Or, l'essentiel n'est pas ce qu'a dit Emmanuel Macron mais bien ce qu'il a omis de préciser : y aura-t-il toujours un protocole sanitaire en vigueur dans les écoles ? Et si oui, lequel ? Car il est bien entendu impossible d'accueillir à nouveau tous les élèves si les règles de distanciation restent les mêmes. Fort heureusement, lundi 15 juin au matin, le ministre de l'Éducation nationale était sur Europe 1 pour apporter cette précision importante : "Désormais, il y a toujours une distanciation physique mais beaucoup moins contraignante, avec un mètre latéral entre les élèves". Précisons que jusque ici, il fallait respecter une surface de 4 m² par élève. Alors, forcément passer de 4 (m²) à 1 (mètre latéral), peut donner l'illusion d'augmenter par quatre les possibilités d'accueil. Voilà qui tombe à pic, si j'ose dire s'agissant de compas, puisque jusqu'alors les effectifs de retour plafonnent à 25 % au primaire. En faisant quatre fois un quart, nous voici revenus au grand complet ! Applaudissements !

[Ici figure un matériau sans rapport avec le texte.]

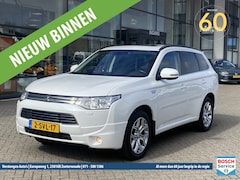 Mitsubishi Outlander - 2.0 PHEV Instyle | Pano | camera achter |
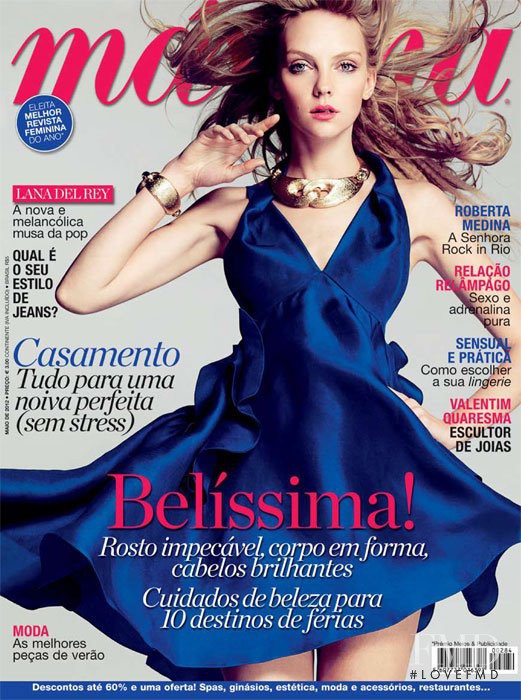 Heather Marks featured on the Máxima Portugal cover from May 2012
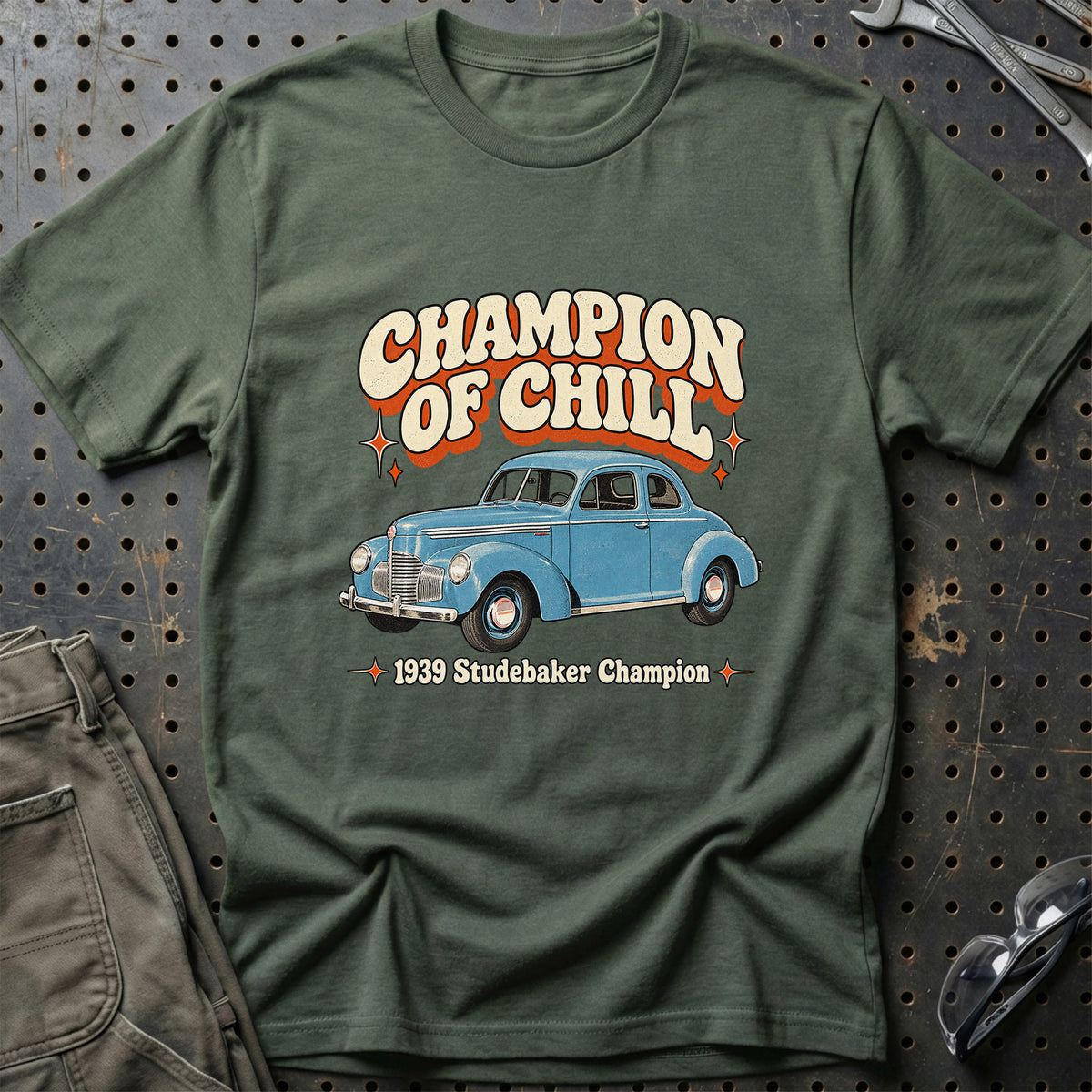 
Studebaker Champion 1939 – Champion of Chill T-Shirt – Grøn Militær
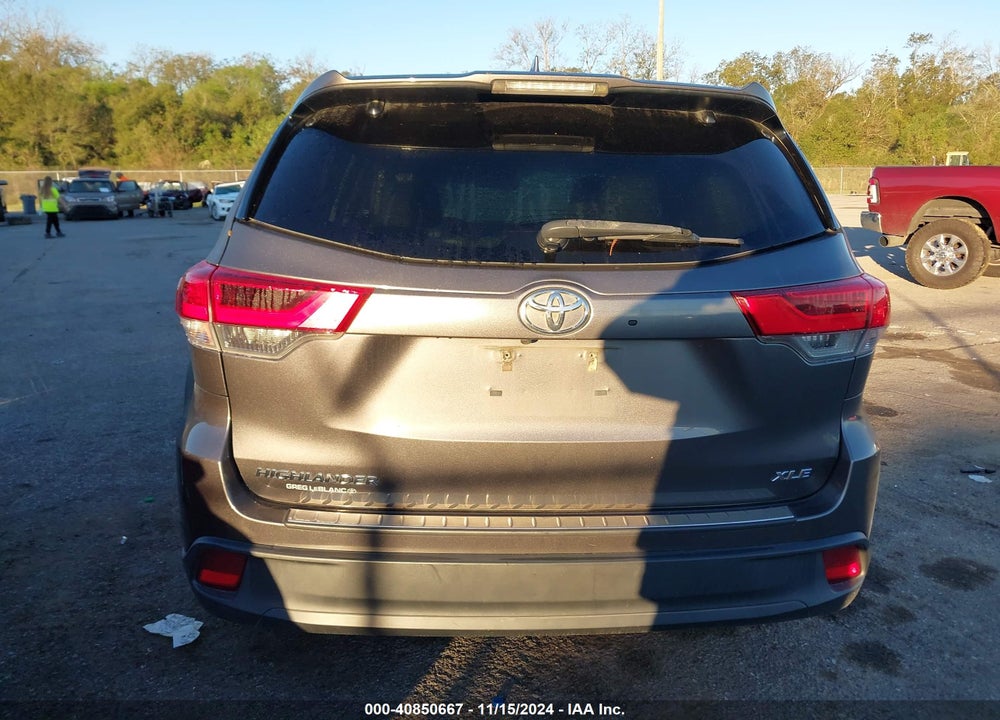 2018 TOYOTA HIGHLANDER XLE VIN: 5TDKZRFH4JS529918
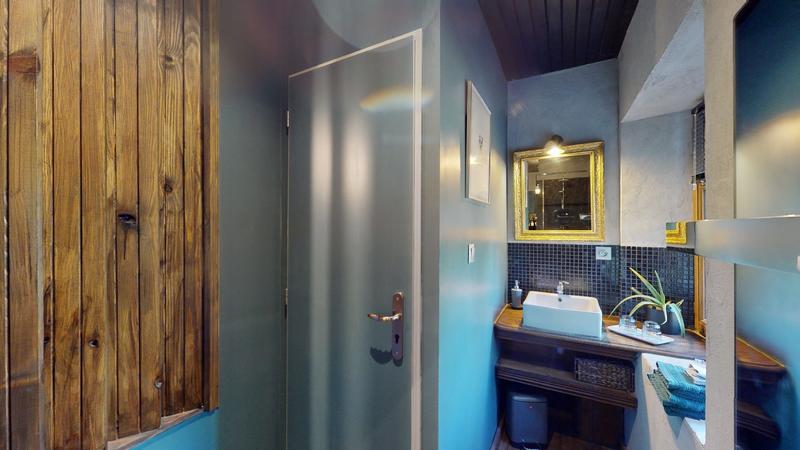 Maison - 280 m² - 7 pièces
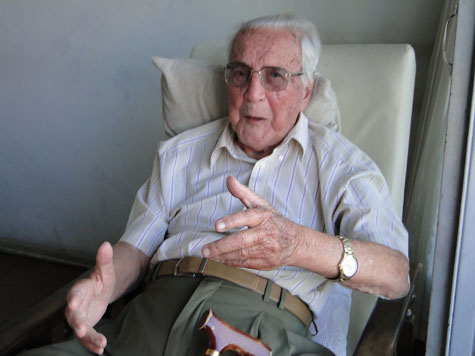 Agnelo Azevedo, o filho mais velho de Brumado, comemora 105 anos de vida
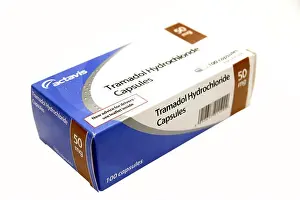 Capsules Prints: Tramadol hydrochloride capsules medication for moderate & severe pain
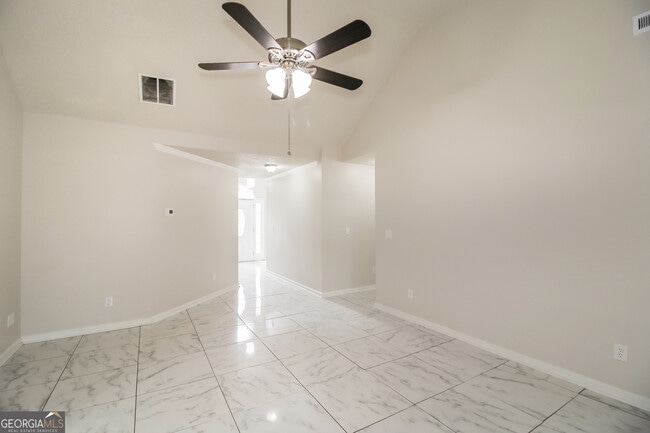 Photo - 148 Parkside Dr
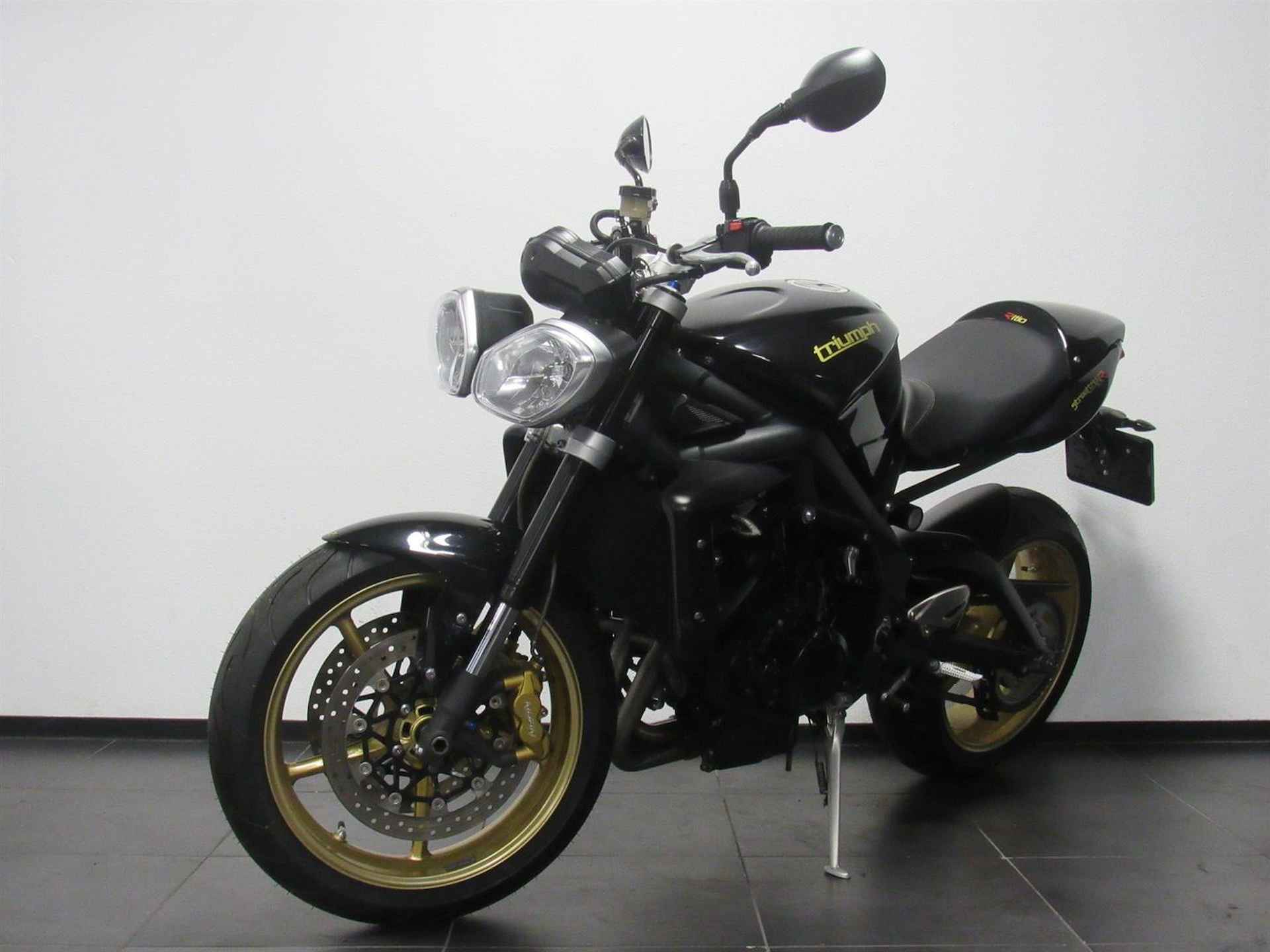 Triumph STREET TRIPLE R - 2012 - 3/13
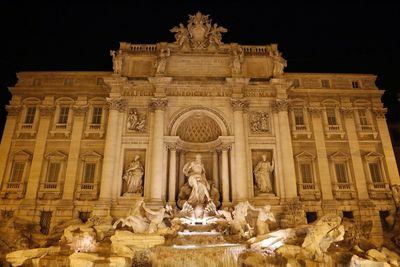 Illuminated trevi fountain at night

Mais il y a un problème : quand on établit un rayon sanitaire d'un mètre autour d'un élève (1), on crée - telle la chèvre autour de son piquet - un cercle d'un mètre de rayon. Dès lors, il faut se souvenir de la règle de calcul de la surface : π x r². Appliquée à un rayon d'un mètre, on obtient une nouvelle aire de... 3,14 m² par élève (2) ! Nous avons ainsi gagné 0,86 m² par enfant soit un gain d'environ 21 %. Voilà ce que le ministre appelle une distanciation "beaucoup moins contraignante" ! Donc, pour résumer, où pouvaient être accueillis dix élèves, on peut désormais espérer en caser une douzaine mais toujours pas vingt-cinq ou trente (3). De qui se moque-t-on ? Pourtant, une fois encore, il est à craindre que ça soit les enseignants qui se retrouvent à nouveau éclaboussés quand leur ministre patauge !

En attendant l'officialisation du nouveau protocole dans les jours à venir, peut-être les professeurs pourraient-ils faire calculer à leurs élèves le nombre de bénéficiaires de cette "nouvelle mesure" dont la promotion médiatique en dit long sur le niveau en maths du ministre ou bien sa tendance à nous prendre pour des benêts (d'âne).

 Sylvain GRANDSERRE
Maître d'école en Normandie
Auteur de "Un instit ne devrait pas avoir à dire ça !" (coédition ESF / LA CLASSE)

(1) Je suppose que le ministre imagine des dispositions de tables en alignement face au tableau. En élémentaire, on voit bien d'autres façons de s'installer. Sans parler des classes maternelles !

 (2) Bien sûr, on peut réduire cette distance sanitaire pour n'accorder à chaque enfant qu'un rayon de 0,50 m mais il faudrait tenir compte de la corpulence de chacun (un enfant n'est pas un point au centre d'un cercle) et ce serait encore dans la perspective d'enfants-robots se déplaçant très exactement comme on les aurait programmés. Ajout le 17/06/2020

(3) Au-delà des questions de mesures qui virent à l'absurde, le principal problème concret rencontré dans bien des classes est le mobilier. En effet, nous sommes nombreux à disposer uniquement de tables de deux places et non de tables d'une place. Dès lors, il faut une table par élève et dans ma classe de 29 CM1/CM2, non seulement ce mobilier est inexistant, mais en plus ça ne rentrerait pas... Bref, il faut trancher entre "il n'y aucun risque pour les enfants" (retour obligatoire le 22 sans protocole)  ou bien le "il y a un risque pour les enfants" (protocole sanitaire toujours présent même allégé mais alors effectifs réduits).